Personally speaking, I'd rather it settled on permanent Standard time than Daylight time, but as long as it is steady I think it's better than the current regime.
See also:
Texas efforts: https://soylentnews.org/article.pl?sid=19/03/05/1413228
Europe's efforts: http://fortune.com/2019/03/26/european-union-parliament-daylight-saving-time/
Mandatory XKCD: https://www.xkcd.com/1268/
(Score: 3, Informative) by c0lo on Sunday April 07 2019, @02:34AM
If this is you definition for noon (which is called the solar noon [wikipedia.org]), you are willing to accept that the time between two successive noons (the solar noon day) will vary through the year - see? the Earth orbit is elliptical.
Even more, there will be only one longitude that will see an exact 24h solar noonday (and the antimeridian will experience an exact 24 solar midnight day).

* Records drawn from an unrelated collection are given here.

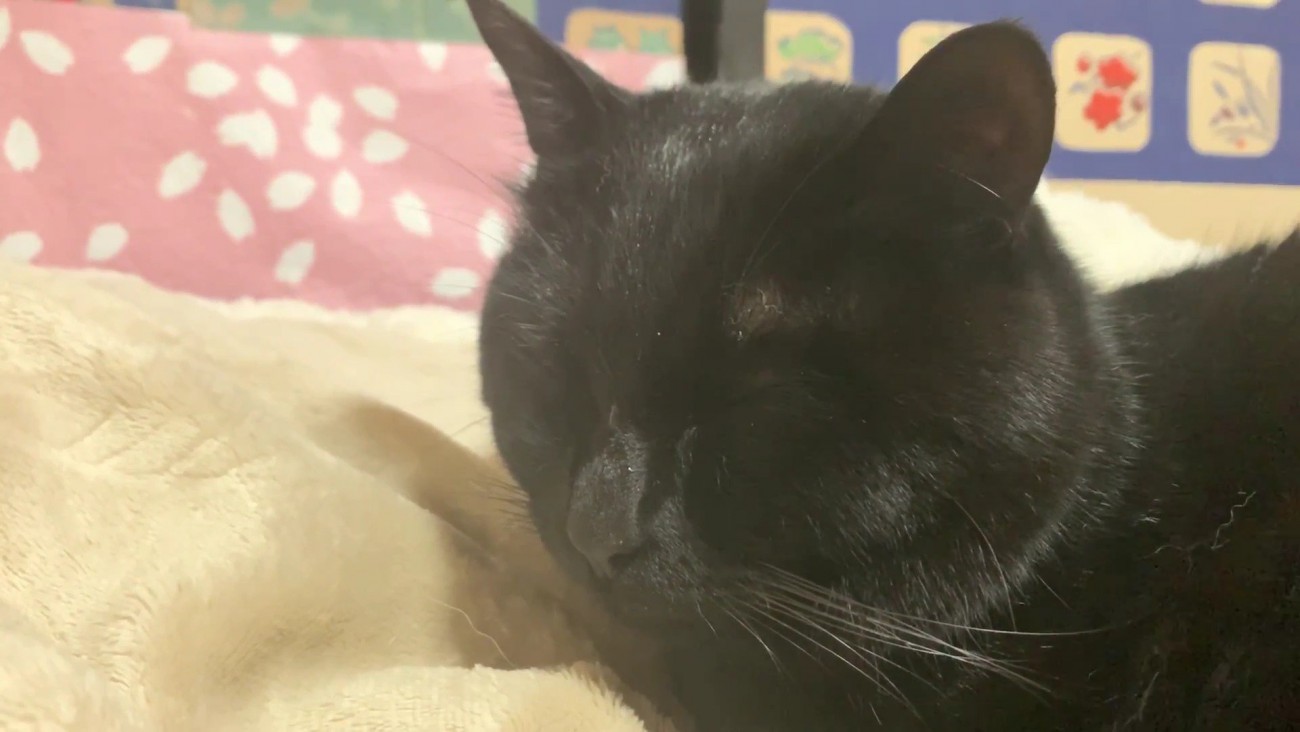 天ちゃんは熟睡中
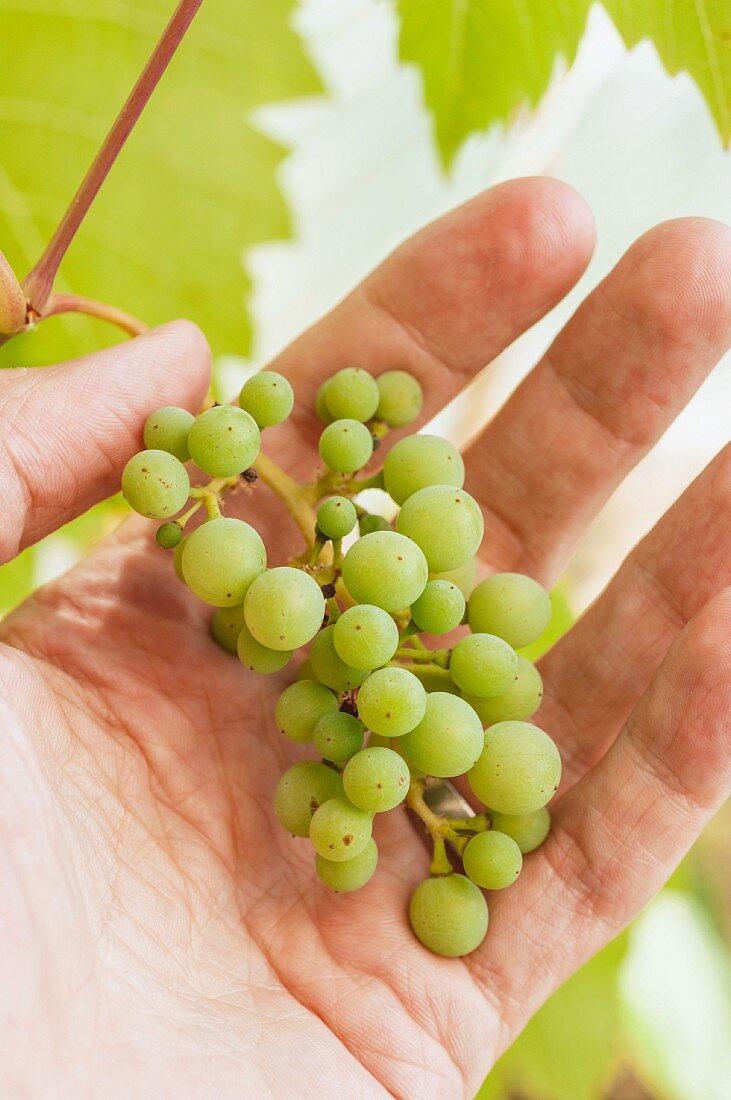 Hand holding unripe, green wine grapes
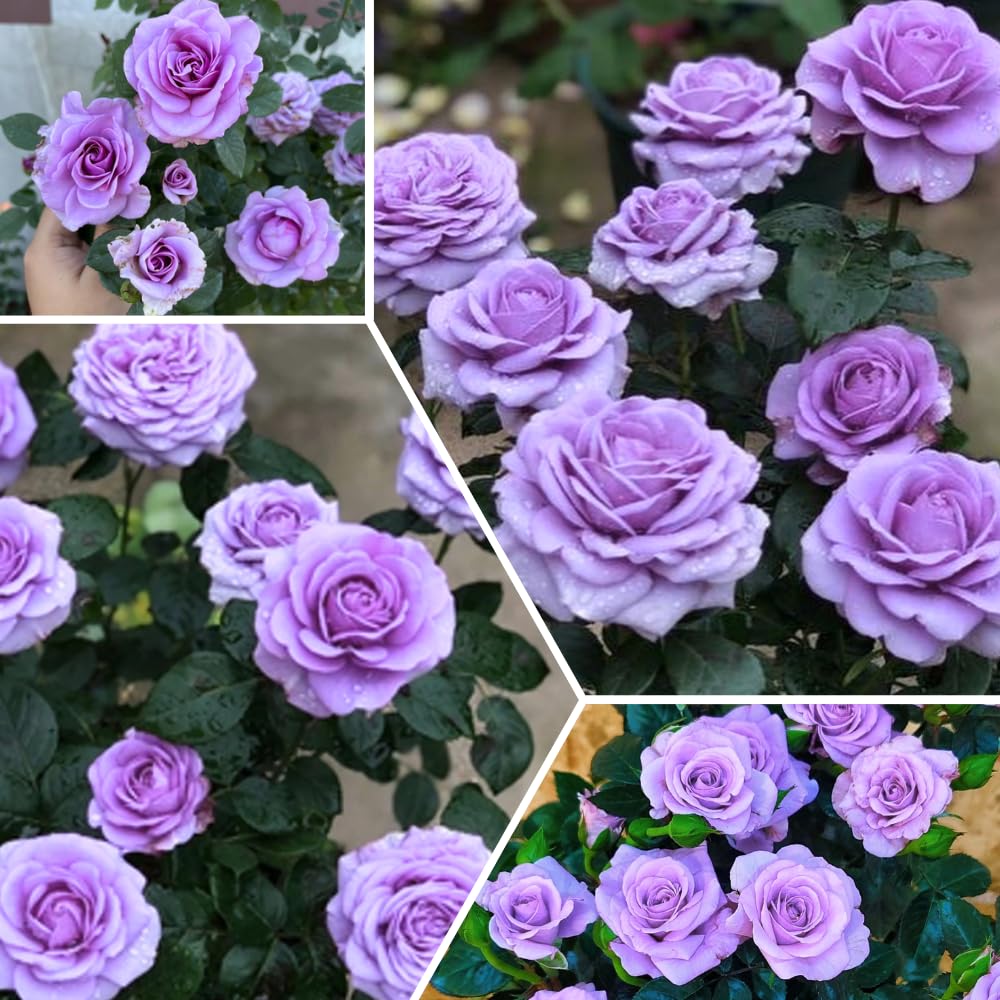 Mini Rose Bush, Miniature Rose Flowers in 3'' Pot, Compact Flowering Rose for Indoor Outdoor Gardens and Containers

And this longitude will vary from one year to the other - the year not being an exact multiple of days.
There are 4 days in a year when one solar noon day is the closest to 24 h: 11 Feb, 13 May, 25 Jul and 3 Nov.
There are 2 days when the solar noon day is the longest: around 20 Jun with 13s longer, and 21 Dec with 30s longer.
There are 2 days when the solar noon day is the shortest: around 25 Mar - 18s shorter - and 13 Sep is 22s shorter.
Ummm... you were saying... "Better ..." what?